Business owners often say they want their team to have more entrepreneurial spirit and they tend to get frustrated when their team doesn’t embrace that culture. However, what does entrepreneurial spirit mean?

Because how you define entrepreneurial spirit is a huge factor in creating a culture around it. When we ask teams what it means to them, we often hear faulty thinking. We hear comments such as:

  • I’d love to do things my way, but I can’t.
  • Well, if I was an entrepreneur, I’d change this, or buy that!
  • I could do a lot, if I didn’t have to answer to…

Often, entrepreneurial spirit is confused with the idea of not having anyone to answer to or even being able to make any decision they want. And that’s why it can be hard for a company to create a culture where their team embraces the entrepreneurial spirit. For many it seems impossible because they have restrictions that they believe entrepreneurs don’t have. And when you ask someone to do something they think is impossible, they tend to disconnect.

If your business wants to create a culture of entrepreneurial spirit, try defining what that means to your company, and then work on those individual elements. For instance, below are five traits we use to define entrepreneurial spirit and tips on how to develop those skillsets.

Adaptability – First and foremost, entrepreneurs understand that plans get messed up. Unfortunately, you can’t control everything. The best entrepreneurs are those that can adapt quickly. You might have to adapt due to customers, vendors, laws or even elements such as the weather. If you don’t adapt, you’re going to spend a lot of time, energy and probably money fighting against things that you simply cannot control. Adaptability happens when you are laser focused on the result and not the path to get to that result. When there is an obstacle in your path, and there will be, you find a new way to reach the desired result.

  • When something isn’t going right, don’t jump to a solution. Stop and define the result first. Write it down. Display it. And then make plans.
  • Always ask what the result is… for everything.
  • Never take the first solution. Ask for 2-3 solutions from everyone. Then adapt to what’s needed.
  • In meetings, prepare for plans to go wrong. Get used to asking, this is great, but what happens if… and then throw out both ridiculous and common barriers to the plan. This helps your team prepare for things not going right. And they’ll be ready to be more adaptable.
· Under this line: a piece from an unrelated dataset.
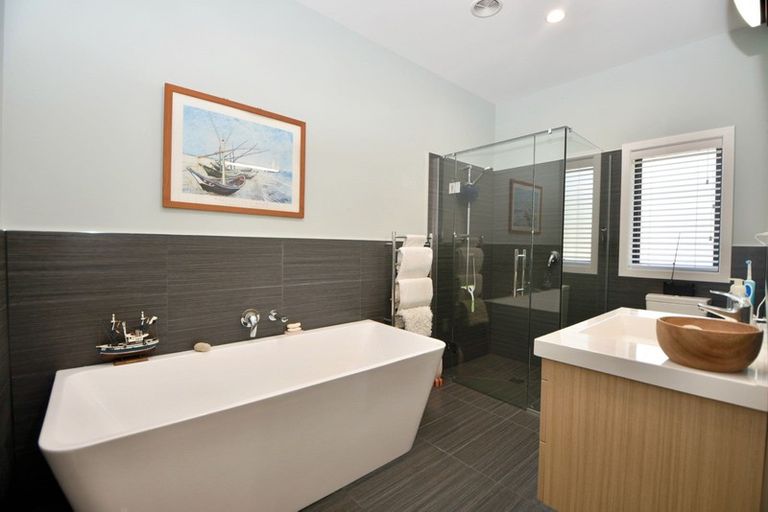 Photo of property in 40b Richmond Road, Carterton, 5713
Double Vision – While entrepreneurs are often thinking about the future, they must have double vision. They must address the short-term needs with a balance of the future. Just because something works now, doesn’t mean it’s the solution that works to get you to your goals. Having an entrepreneurial mindset means that you’re solving today’s problems with a focus on the future.

  • Ask, why won’t this solution work when this problem occurs again in 5 months?
  • When talking solutions, calculate the ROI for different time frames.

No Excuses – Excuses are real. There will always be barriers. Entrepreneurs recognize barriers, but also don’t get too worried about them. They’re natural. They don’t waste their time, energy or money on complaining about them. Instead, their resources are spent on removing or getting around the barrier. Sure, a solution might be easier if you could just (hire someone, get a lucky break, buy that software, etc.) but entrepreneurs don’t spend a lot of time getting stuck. They either find a way to get the resources they think they need, or they find a different way to reach the result (see Adaptability). The key though is to realize that they don’t ignore the excuses. They see them. They understand the excuses are real. But entrepreneurs are good at knowing what gets their time, energy and money. And excuses are not where they tend to dwell.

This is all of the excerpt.